> _TASK MATERIAL_
⁂
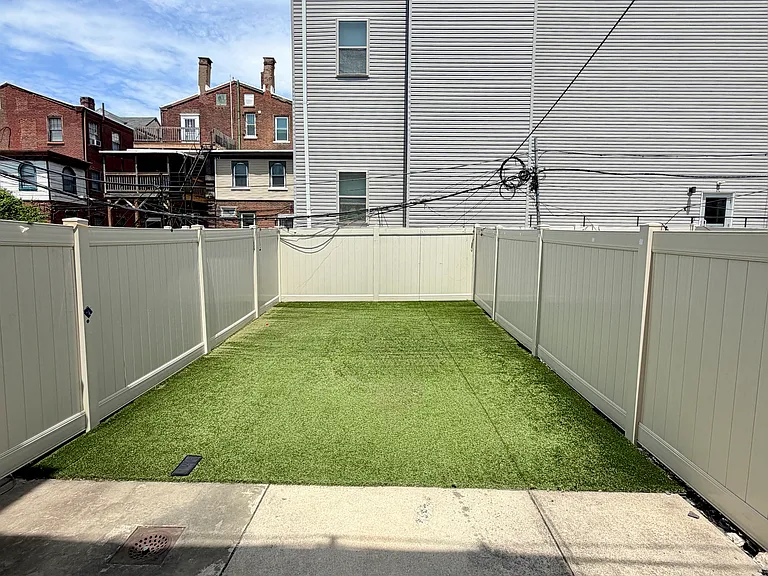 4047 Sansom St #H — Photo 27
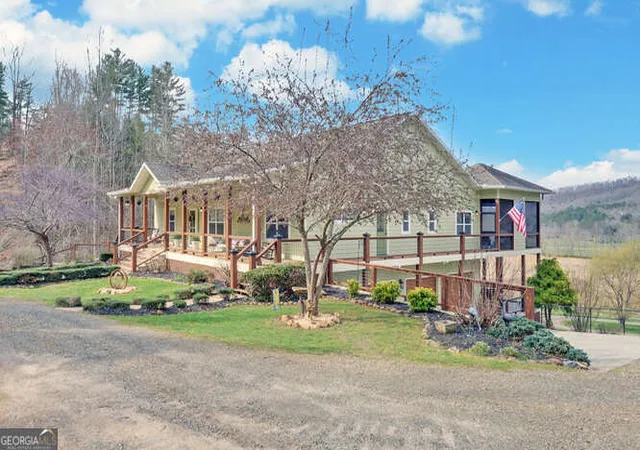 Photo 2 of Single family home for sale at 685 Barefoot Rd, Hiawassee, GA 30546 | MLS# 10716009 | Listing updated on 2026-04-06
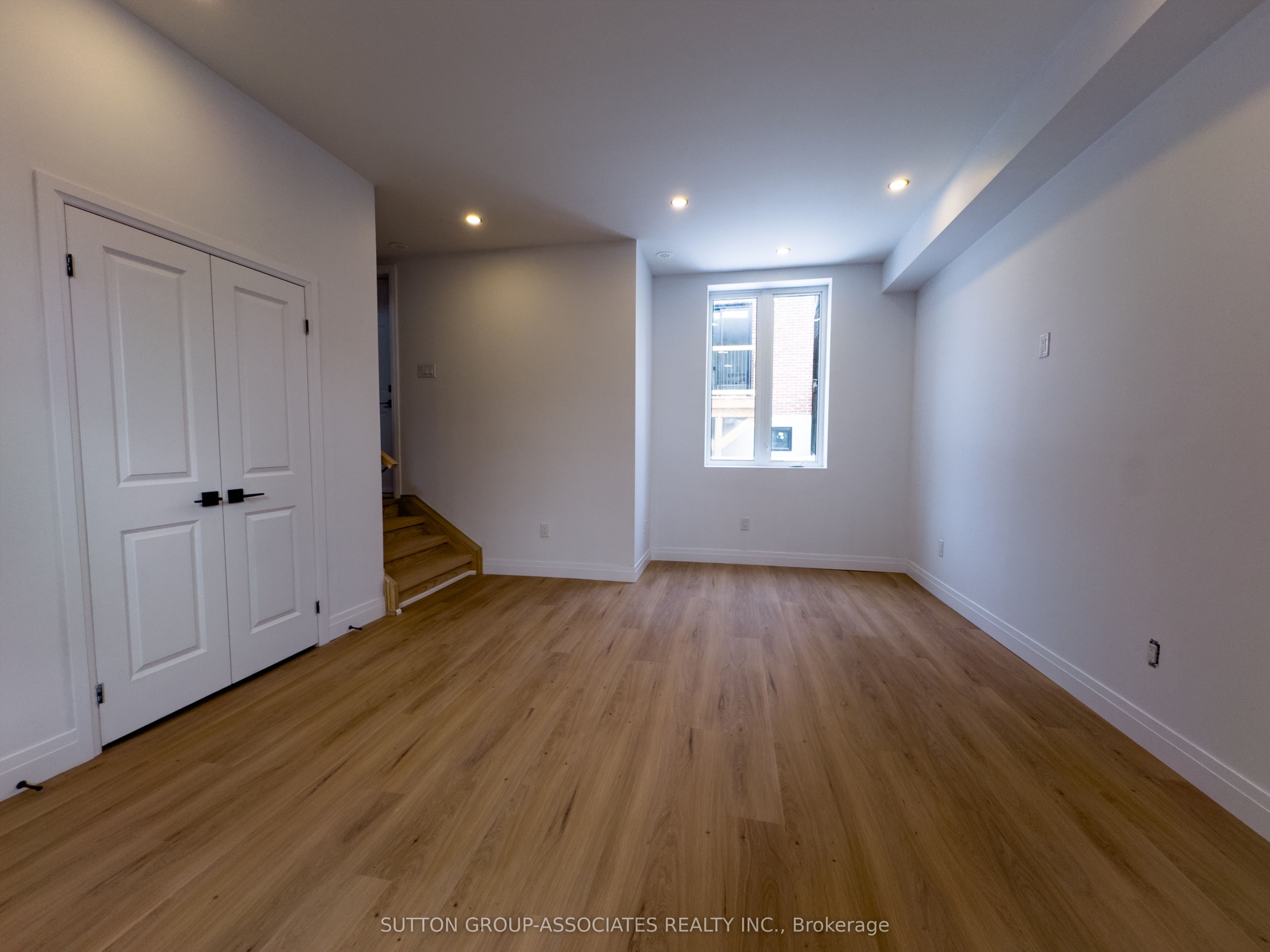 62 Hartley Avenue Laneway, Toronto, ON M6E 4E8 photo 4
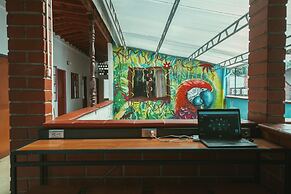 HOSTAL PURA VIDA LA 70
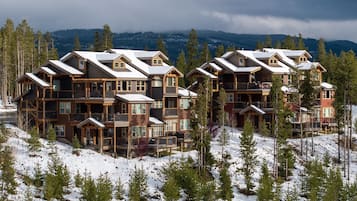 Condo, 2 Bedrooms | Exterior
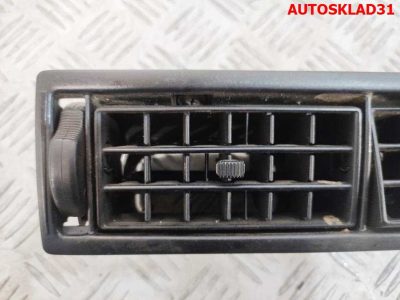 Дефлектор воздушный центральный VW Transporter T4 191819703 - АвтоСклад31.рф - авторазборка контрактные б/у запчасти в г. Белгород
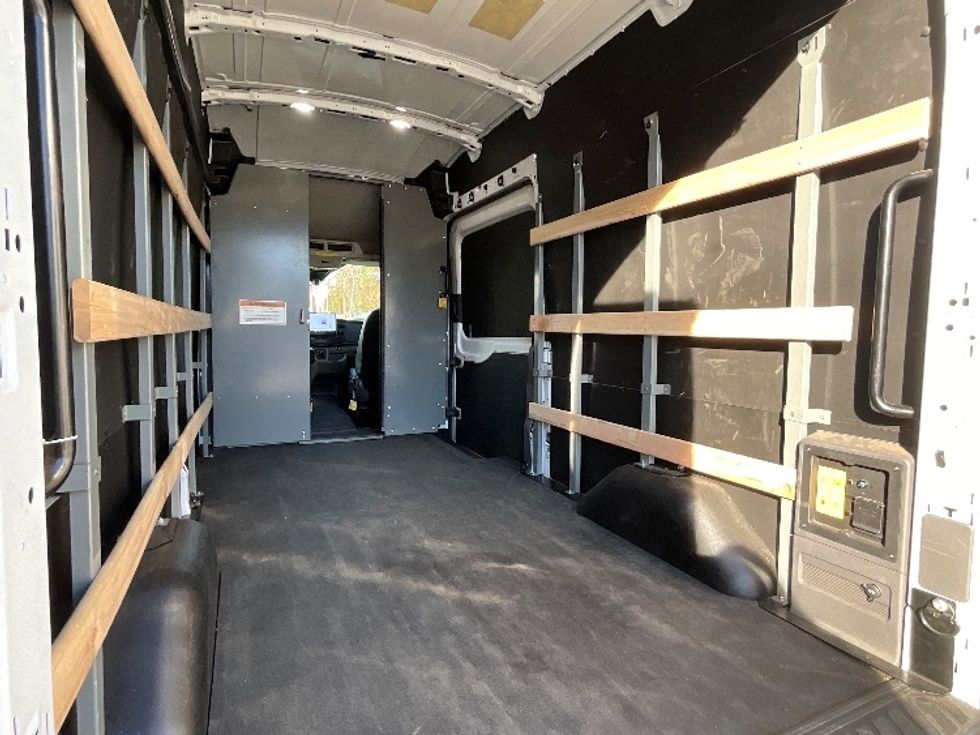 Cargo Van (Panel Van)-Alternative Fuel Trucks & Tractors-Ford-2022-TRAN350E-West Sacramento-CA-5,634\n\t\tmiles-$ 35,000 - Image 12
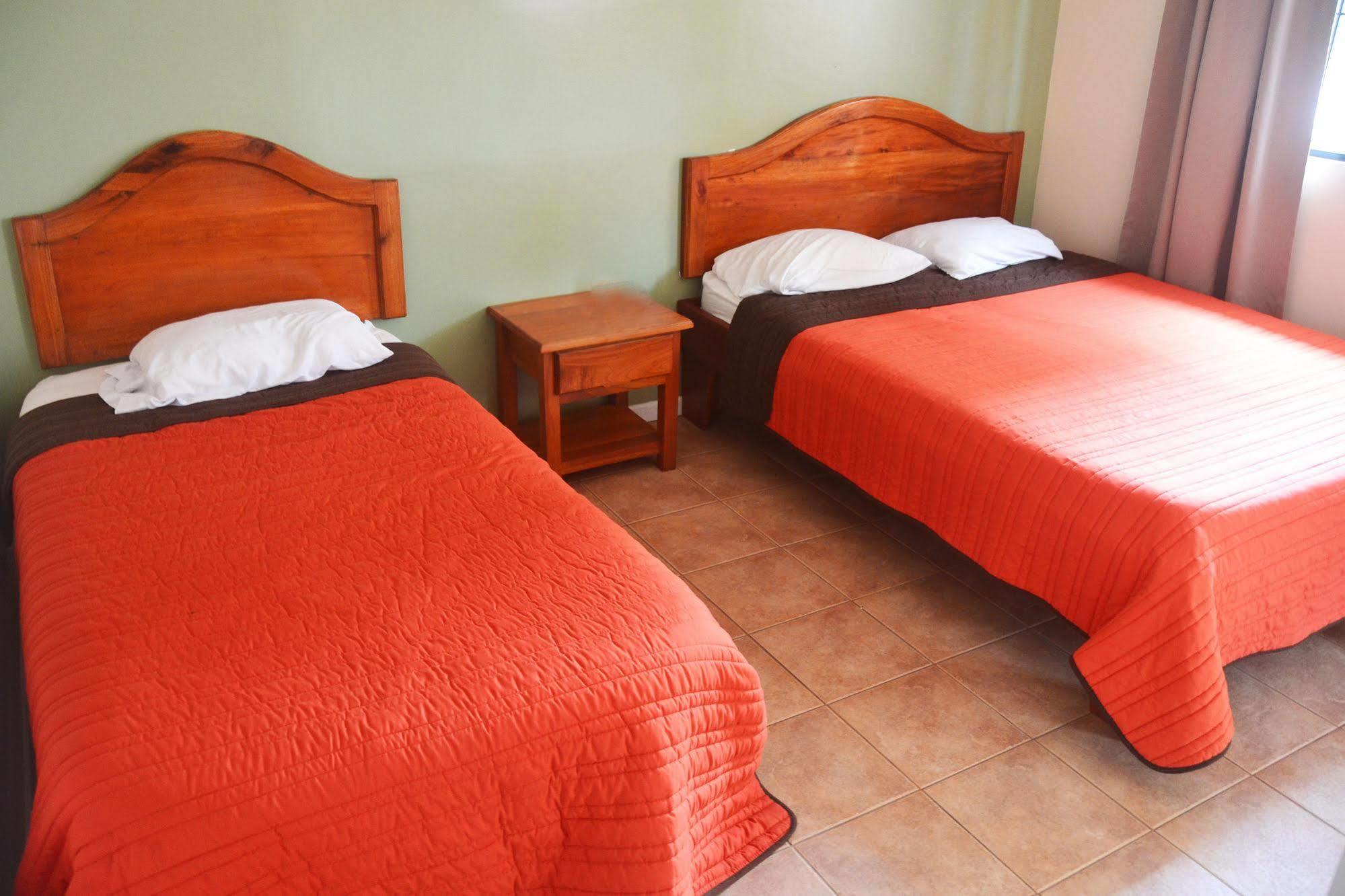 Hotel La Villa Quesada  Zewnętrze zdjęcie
⁂
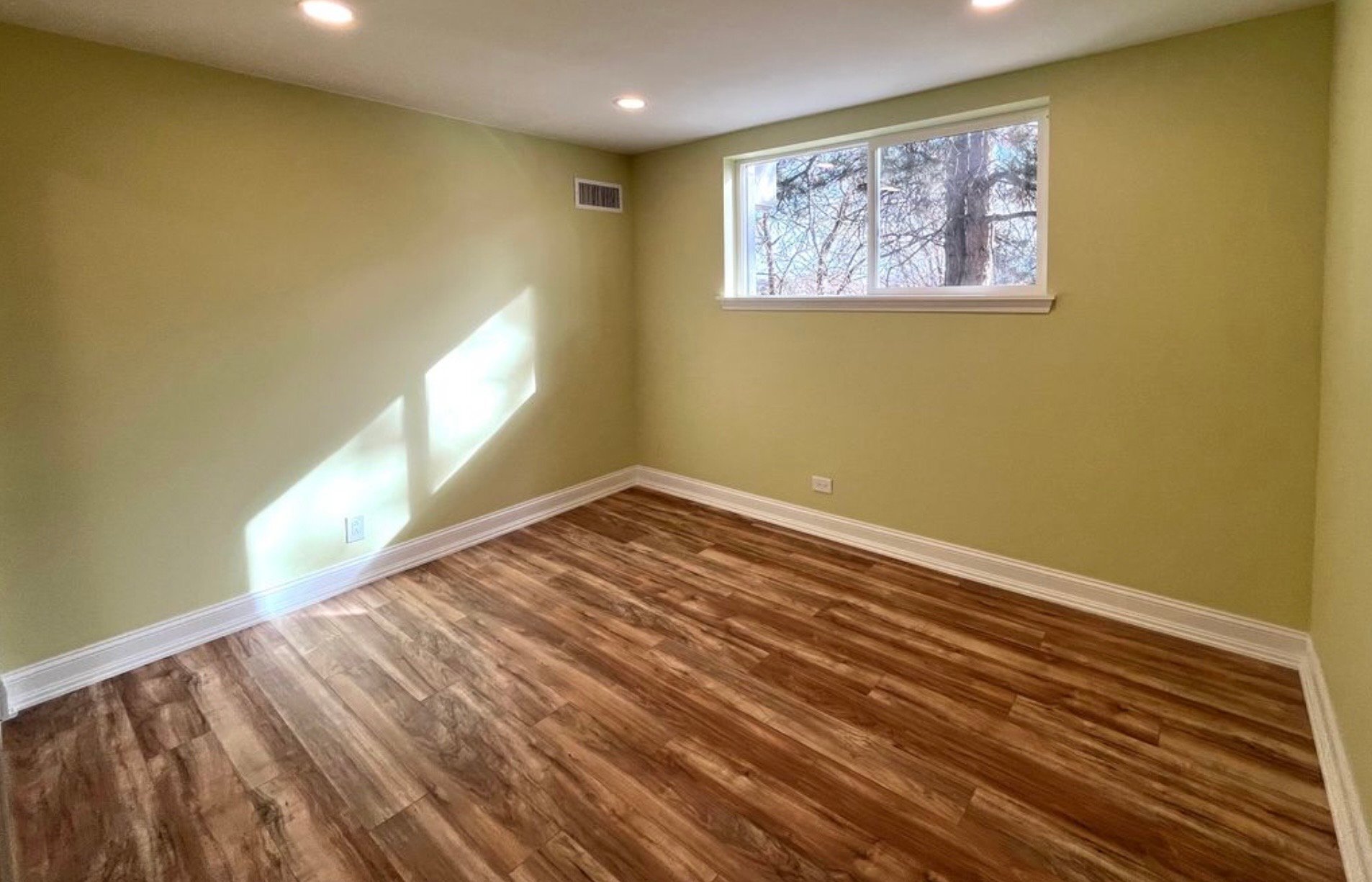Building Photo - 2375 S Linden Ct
⁂
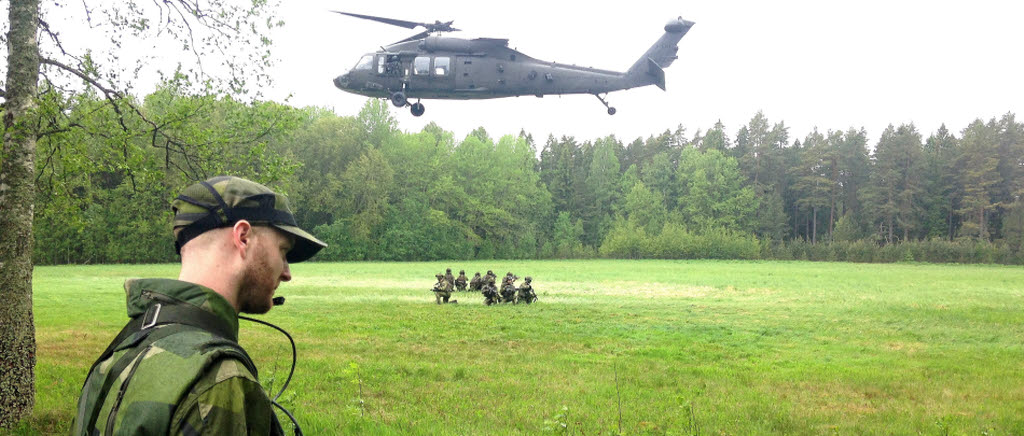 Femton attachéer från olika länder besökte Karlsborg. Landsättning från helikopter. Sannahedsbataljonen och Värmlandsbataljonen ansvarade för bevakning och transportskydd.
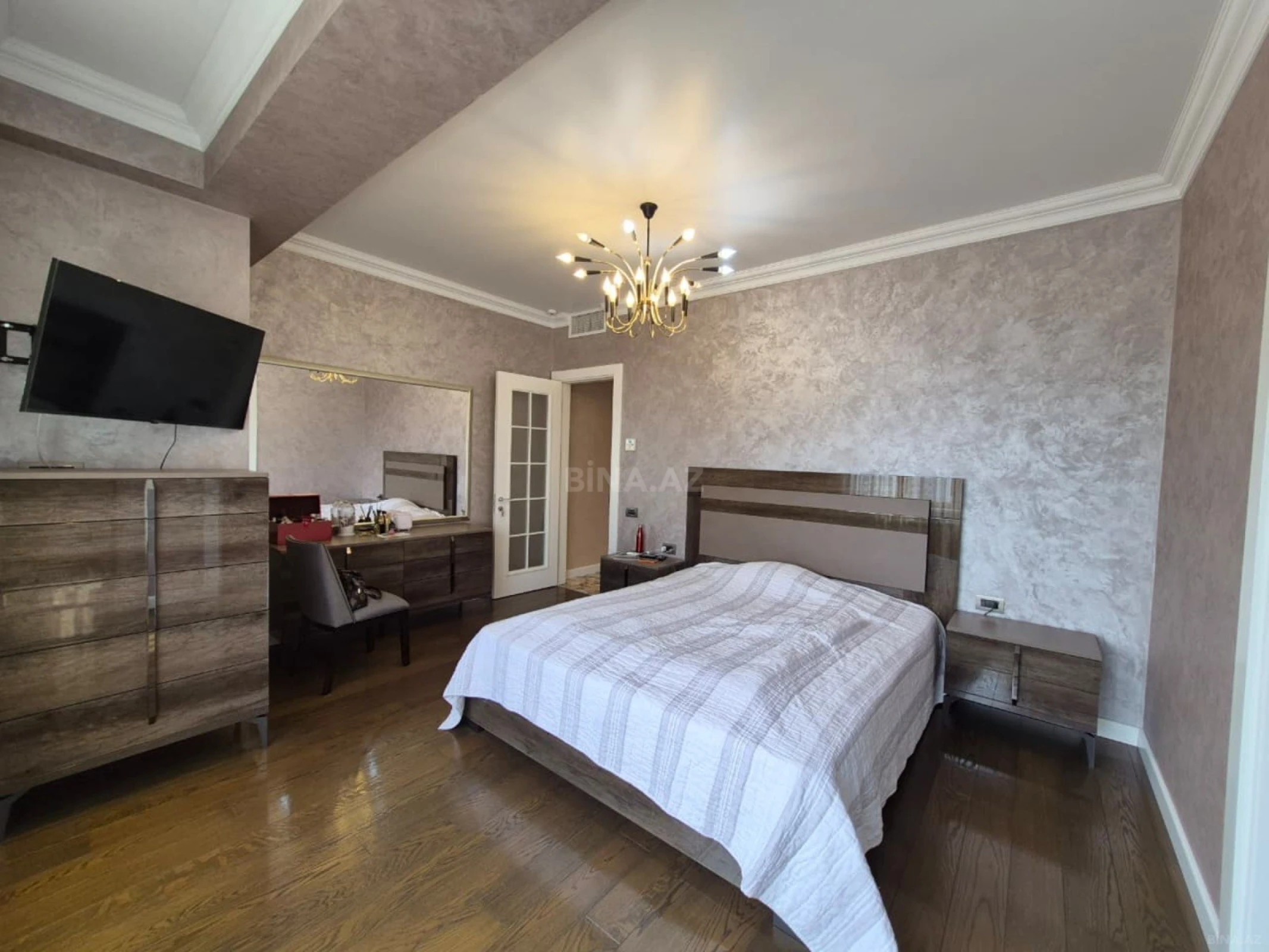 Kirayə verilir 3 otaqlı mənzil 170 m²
⁂
Give back exactly the lines above from the one with "4047 Sansom St #H — Photo 27" through the one with "Hotel La Villa", both included. Pictures don't belong in the copy.

 4047 Sansom St #H — Photo 27
 Photo 2 of Single family home for sale at 685 Barefoot Rd, Hiawassee, GA 30546 | MLS# 10716009 | Listing updated on 2026-04-06
 62 Hartley Avenue Laneway, Toronto, ON M6E 4E8 photo 4
 HOSTAL PURA VIDA LA 70
 Condo, 2 Bedrooms | Exterior
 Дефлектор воздушный центральный VW Transporter T4 191819703 - АвтоСклад31.рф - авторазборка контрактные б/у запчасти в г. Белгород
 Cargo Van (Panel Van)-Alternative Fuel Trucks & Tractors-Ford-2022-TRAN350E-West Sacramento-CA-5,634\n\t\tmiles-$ 35,000 - Image 12
 Hotel La Villa Quesada  Zewnętrze zdjęcie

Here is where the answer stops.